Nuclear deal with Iran is a game-changer - The New Indian Express

Nuclear deal with Iran is a game-changer

Published: 26th November 2013 01:13 AM

Last Updated: 26th November 2013 01:13 AM

The interim pact the US and its negotiating partners have reached with Iran in Geneva on Sunday has temporarily frozen much of Iran’s nuclear programme. It gives the two sides six months’ time to negotiate and, if possible, roll back the Iranian programme. Cash-starved Iran is assured of a sanctions relief of $4.2 billion. The amount is a portion of the Iranian oil revenue that has remained frozen in foreign banks. Named the Joint Plan of Action, the agreement specifies the steps Iran would take to constrain its nuclear effort and the financial relief it would get from the US and its partners. By itself, the pact does not foreclose either side’s main options or require many irreversible actions. Small wonder that Israel has negatively reacted to the development.

For the world at large, few other developments in the recent past have been as confidence-inspiring as this one. The pact signals a game-changing rapprochement that has the potential to ease the risk of a wider Middle East war. Significantly enough, the deal has the blessing of Iran’s clerical Supreme Leader Ayatollah Ali Khamenei. The deal includes improved verification of Iran’s nuclear programme and constraints on its installation of new centrifuges. Iran is also expected to dilute its existing stock of uranium enriched to 20 per cent or else convert it to oxide, a less readily used form.

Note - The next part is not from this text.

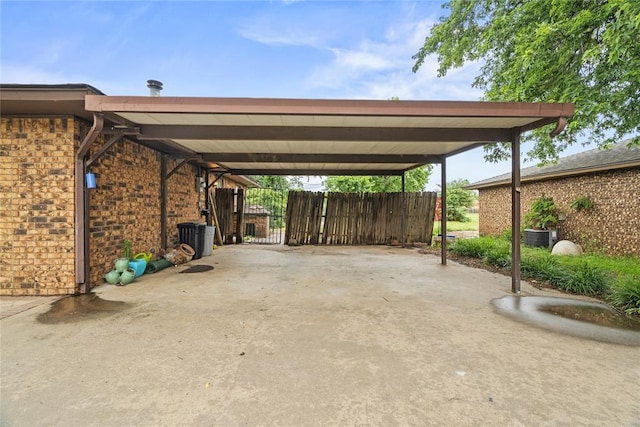 720 W 3rd St, Watonga, OK 73772 - view of vehicle parking featuring a carport, a gate, and concrete driveway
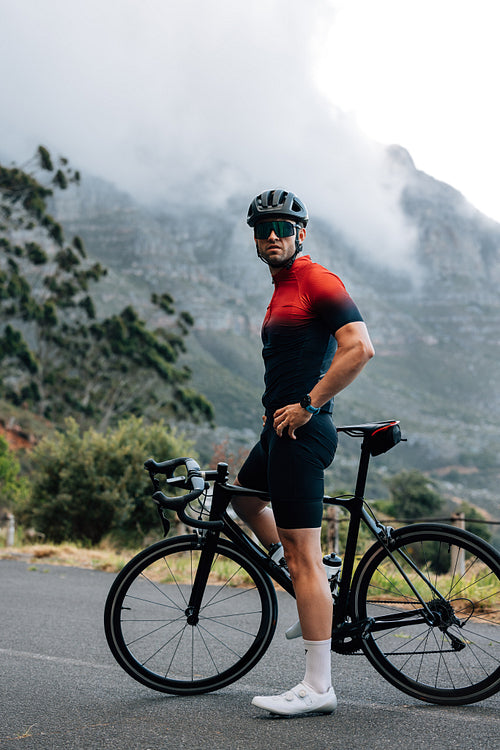 Full length of male cyclist relaxing during training. Professional cyclist standing against a mountain and looking away.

The pact is a vindication of India’s stand that the solution to the problem of Iran’s nuclear ambition was not stricter sanctions but a negotiated settlement. Since the sanctions imposed on Iran will remain till a partial or final agreement is reached, India, which is one of the largest buyers of Iranian oil, will not have any immediate gains from the agreement. Nonetheless, it can look forward to benefiting from the deal, as it builds trust and confidence between Iran and the international community. If it finally leads to a durable and long-term settlement of the nuclear issue, it will definitely boost New Delhi’s energy ties with Tehran and West Asia will remain a more peaceful region.